Before Kapell, the world’s greatest cut-up evangelist was William Burroughs. He venerated the technique—“the best writing seems to be done almost by accident,” he professed—and borrowed it for Naked Lunch. Burroughs cited Joyce, T.S. Eliot, and Rimbaud as seminal cut-uppers, but rather than using the method to stick it to Tzara’s “vulgar herd,” he emphasized its populist streak. “Cut ups are for everyone,” he wrote in 1963. “Any body can make cut-ups.” If you believe Poet Laureate Robert Pinsky, everybody wants to make them—in 1997, he wrote in the introduction to The Magnetic Poetry Book of Poetry, “When you see these little words scattered on a refrigerator door, and feel a desire to shuffle them around, you are responding to some of the deepest urges in the human animal.” 

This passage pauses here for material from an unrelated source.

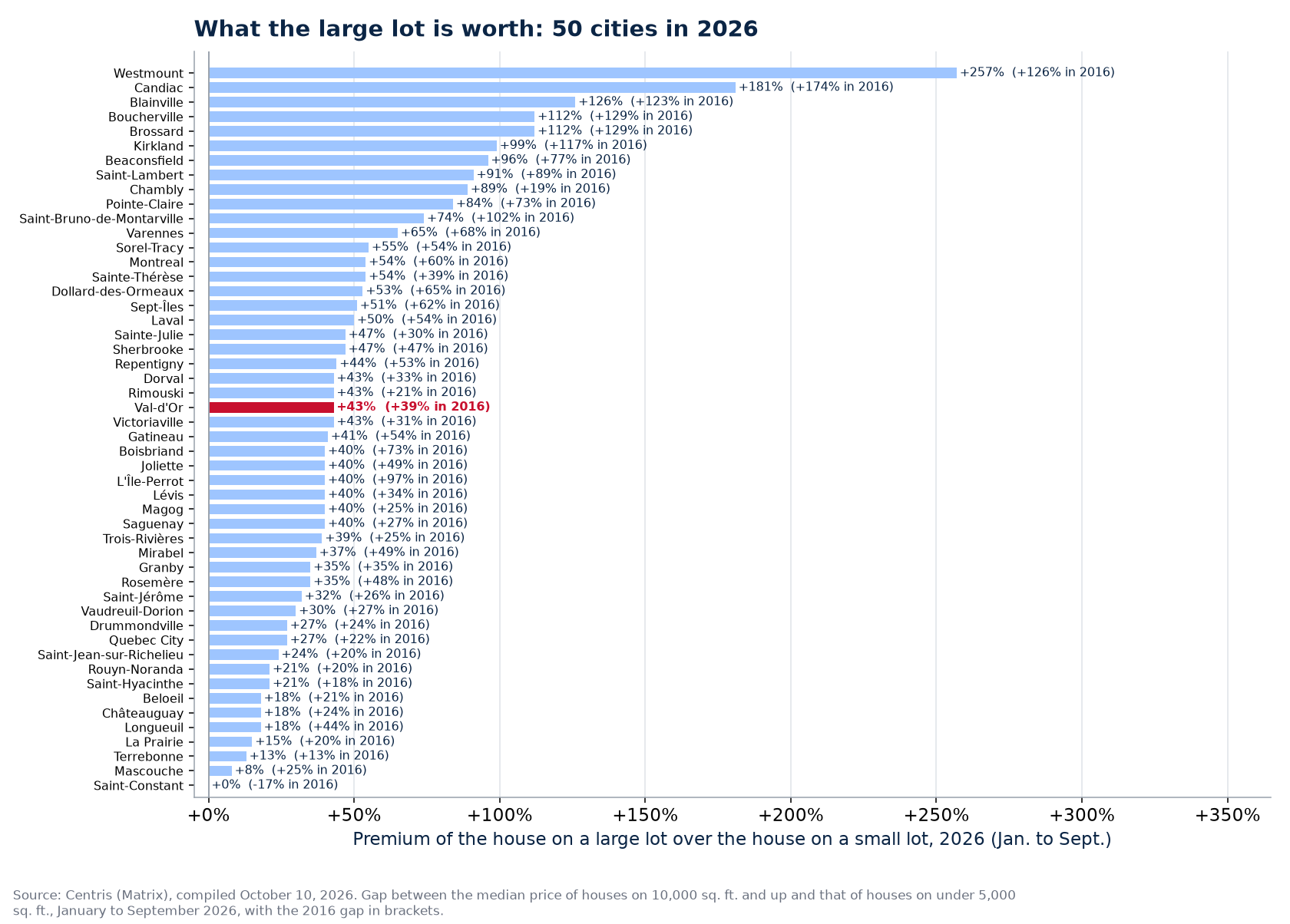 The large-lot premium in 2026 across the 50 cities tracked, Val-d'Or highlighted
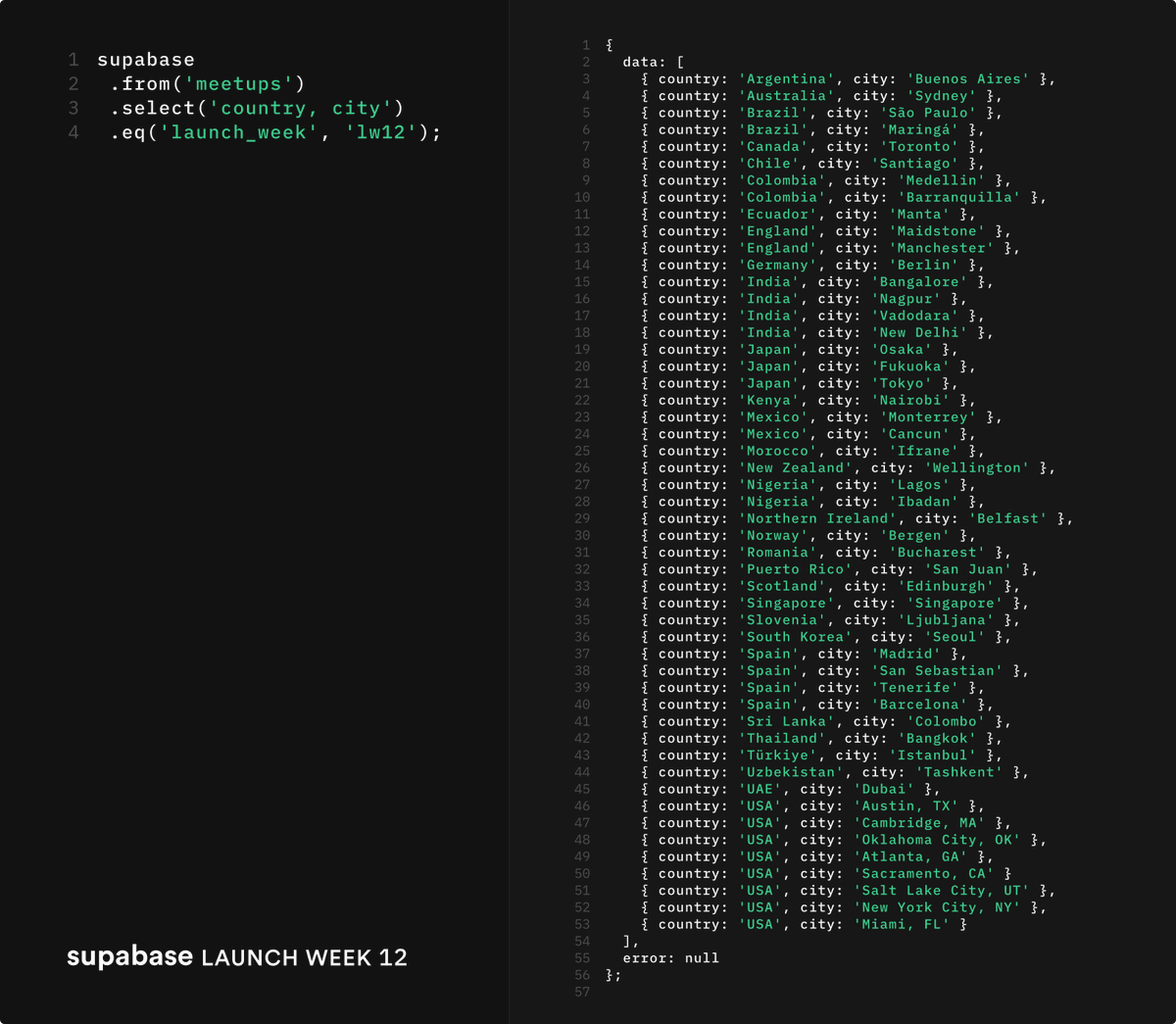 Supabase tweet media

Kapell has leaned into the vulgarity of the herd, and the deepness of their urges, making sure his kits include words where “one of the meanings is kind of naughty” (like “rose” and “sausage”). He’s also very aware that he’s part of a legacy. “Who knows how long people have been cuttin’ stuff up?” he asks rhetorically. “I guess my innovation was to put it on magnets.”

Whatever you want to call it—innovation, accident, stroke of capitalist genius—this decision was key. By removing the messiest step from the cut-up technique, it made the barrier to entry knee-high. It boxed up the creative process, putting it in the checkout aisle and then, once on the fridge, directly at eye level. It let us indulge all these instincts at once—toward communication, creation, jokes, profanity—and layered the results on the domestic experience. From the end of the 20th century to the beginning of the 21st, it turned kitchens everywhere into an inescapable id pastiche. 

Another versatile word.

Another versatile word. (Photo: Sarah Reid/Flickr)

Tour American kitchens today, though, and you’ll see a lot more naked fridges. Our age-old impulses haven’t gone away—changes in technology have just encouraged us to take them elsewhere. ”It used to be the fridge door was the center of the home,” Kapell says. “That’s where people would hang their kids’ art, leave notes for each other, put pictures, all that stuff.” Now, all that stuff is in our phones and on Facebook, and the rise in popularity of what Kapell calls “the chef-industrial kitchen,” with its sleek and unsticky stainless steel surfaces, has left a whole slew of magnets belly-up.

Cut-ups, too are alive and well on the internet, from the giant collage that is Tumblr to streaming news pieced together from Associated Press briefs. And there are, of course, magnetic poetry apps. Meanwhile, Kapell keeps up with the times, churning out theme kits multiple times per year. Recent offering include “Bacon Poet,” “Mustache Poet,” and “LOLCat Poetreez.” “We always have meme-related kits,” Kapell says. “We’re trying to stay on top of things.” Even if those things won’t always be fridges.